* [Directions] Retype the lines below exactly, from the one that contains "2021 Mazda Cx-5" through the last, and leave every picture out.

##### Source information #####

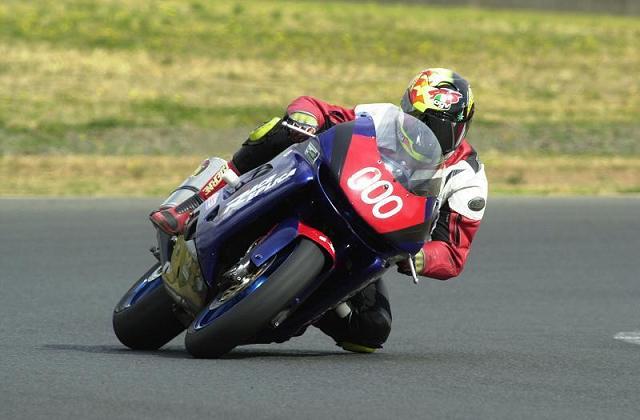 trackday21-8-03-smaller.JPG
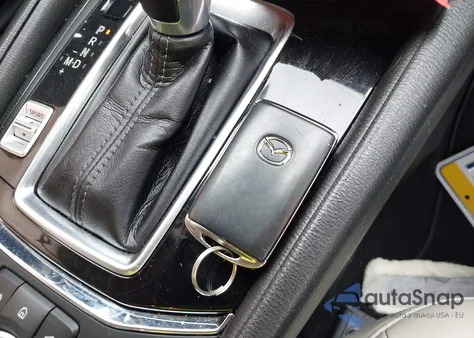 2021 Mazda Cx-5 Touring z USA, uszkodzony, nr VIN JM3KFBCM9M0497788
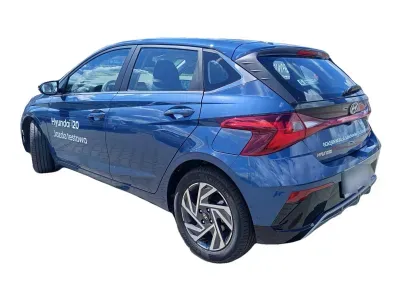 NIEBIESKI HATCHBACK HYUNDAI I20 z 2025 r., BENZYNA, skrzynia biegów AUTOMATYCZNA 101KM, zdjęcie 2 z 17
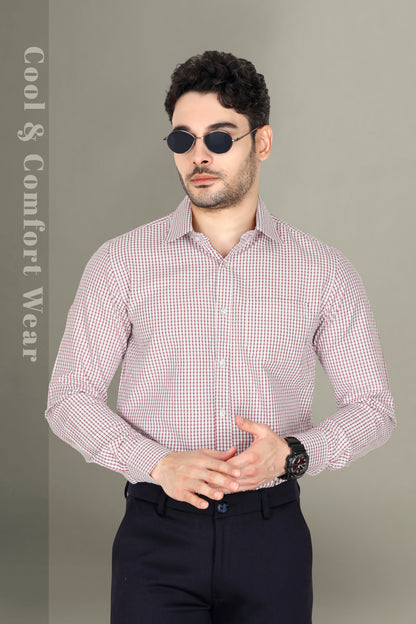 Men's regular fit, long-sleeve formal checked shirt in RED with a spread collar. The shirt is wrinkle-free and easy to iron, suitable for office or casual wear.
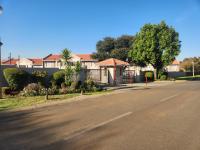2 Bedroom 1 Bathroom Flat/Apartment for Sale for sale in Meyersdal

#####

* [Written solution]
 2021 Mazda Cx-5 Touring z USA, uszkodzony, nr VIN JM3KFBCM9M0497788
 NIEBIESKI HATCHBACK HYUNDAI I20 z 2025 r., BENZYNA, skrzynia biegów AUTOMATYCZNA 101KM, zdjęcie 2 z 17
 Men's regular fit, long-sleeve formal checked shirt in RED with a spread collar. The shirt is wrinkle-free and easy to iron, suitable for office or casual wear.
2 Bedroom 1 Bathroom Flat/Apartment for Sale for sale in Meyersdal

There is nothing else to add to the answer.